WAAROM BEHEER NODIG IS
In Nederland zijn veel meerkoeten. In de herfst en winter vormen ze grote groepen. Die trekken vanaf het water naar aangrenzende graslanden en eten het gras dat voor koeien is bestemd. Ze vertrappen gewassen en bevuilen akkers en weilanden met hun uitwerpselen. De vogels vreten ook landbouwgewassen als granen en maïs.
HOE VOORKOM JE SCHADE
In een aantal provincies is het toegestaan om de meerkoet te verjagen. Agrariërs kunnen akoestische middelen inzetten als kleppermolentjes, knalapparatuur, schriklint/koord en ritselfolie om schade aan gewassen te voorkomen. Ook visuele middelen helpen om de vogels te verjagen. Denk aan flitsmolens, ballonnen en vogelverschrikkers. Met laag flexibel raster van bijvoorbeeld landbouwdoek is te voorkomen dat groepen meerkoeten via het water het grasland op komen.
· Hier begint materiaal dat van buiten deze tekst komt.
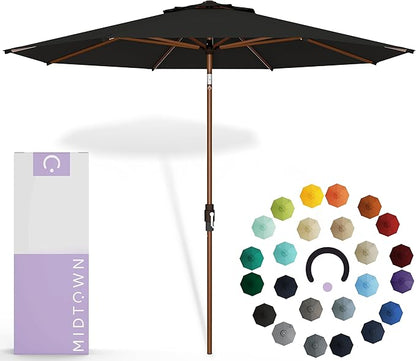 Midtown Umbrellas Sunbrella Umbrella Large Patio Umbrella 2-10 Feet in Black Acrylic Fabric, Auto-Tilt Aluminum Frame Backyard Umbrella, Deck Umbrella, Garden Umbrella & Porch Umbrella - Wooden Pole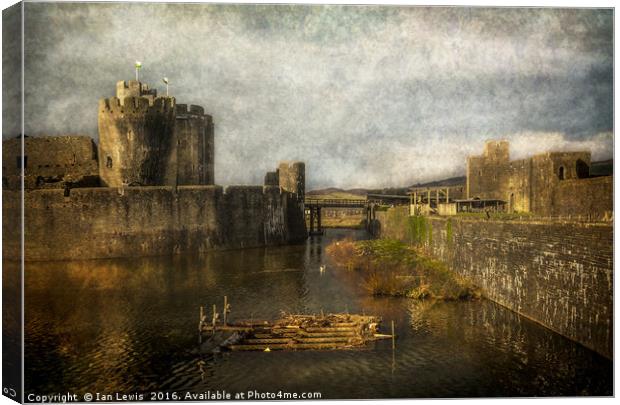 Inner Moat At Caerphilly Castle Canvas Print by Ian Lewis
WANNEER PREVENTIE NIET HELPT
De meerkoet mag het gehele jaar worden verontrust om schade aan landbouwgewassen te voorkomen. Door het ontbreken van schadecijfers is er in Zeeland op voorhand geen ontheffing beschikbaar. Aanvullende ontheffingen kunnen wel worden aangevraagd.
HET WETEN WAARD
- De meerkoet loopt makkelijker over het water dan dat hij vliegt.
- Den meerkoetgezin krijgt 2 tot 3 keer per jaar een nest kuikens van 5-10 jongeren.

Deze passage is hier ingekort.